You know, in all seriousness, when they cross animals and humans it'll be the animals that get the shaft.

Yeah, I *could* pounce that other kitten, but *why*? WHAT DOES IT ALL MEAN?
Really, I'm not sure how even to contextualize this video except to say that Dragonforce (the band) is a half-mocking, three-quarters serious* throwback to Epic Speed Metal of the late 80's, and that the fan-created video below proves that they should make all of their videos out of Final Fantasy game cutscenes.
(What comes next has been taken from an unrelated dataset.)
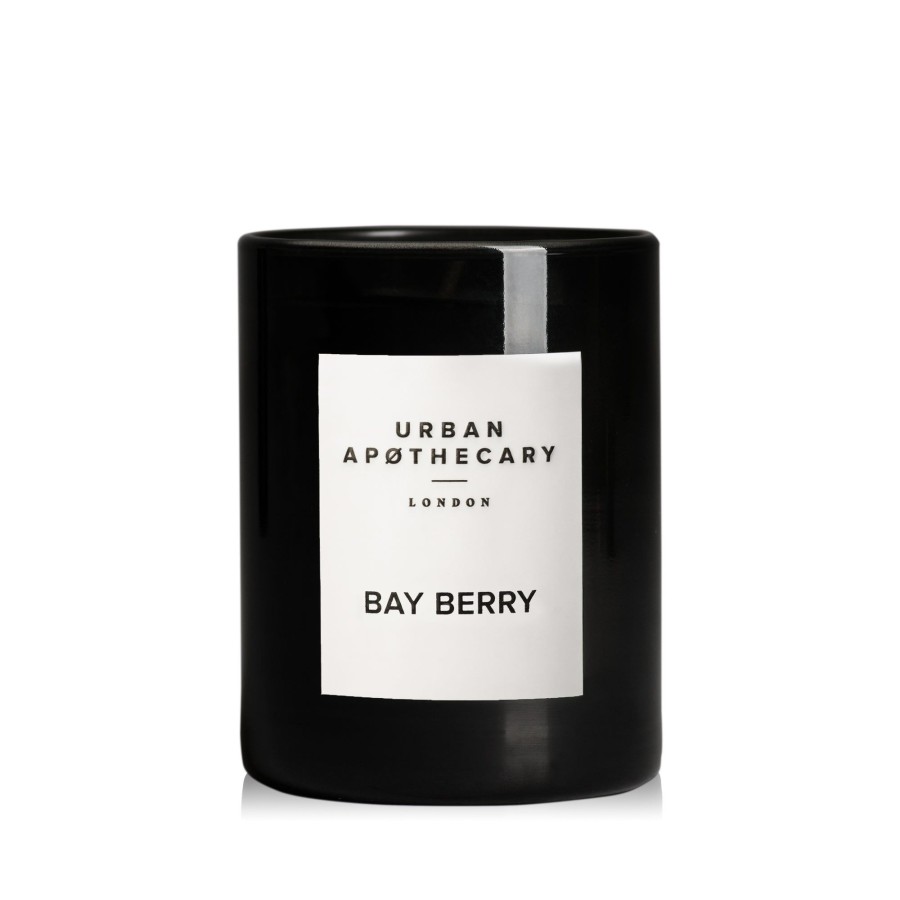 Home Urban Apothecary London | Bay Berry Mini Candle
It's like . . . everything epic and strange about American Suburbia making out in a Comic Book convention bathroom with everything epic and stragne about Japanese videogame fandom. The only missing ingredient here is a 50-year old company man masturbating to it in Kyoto.
. . . not that we know that *isn't* happening.
*DC2020 insists that there is no irony whatsoever with Dragonforce. On one hand, I can admire their sincerity (i.e. at the level of being a acutal iconoclasts among a fantastically conformist subculture that thinks of itself as iconoclastic), but on the other I just can't help but feel kind of embarassed for how un-ironically *corny* they are.
That said, Dragonforce are so fucking adept and technical, though, that their skill and effort renders critics venomless. We can laugh at them all we want, but we could never do what they do.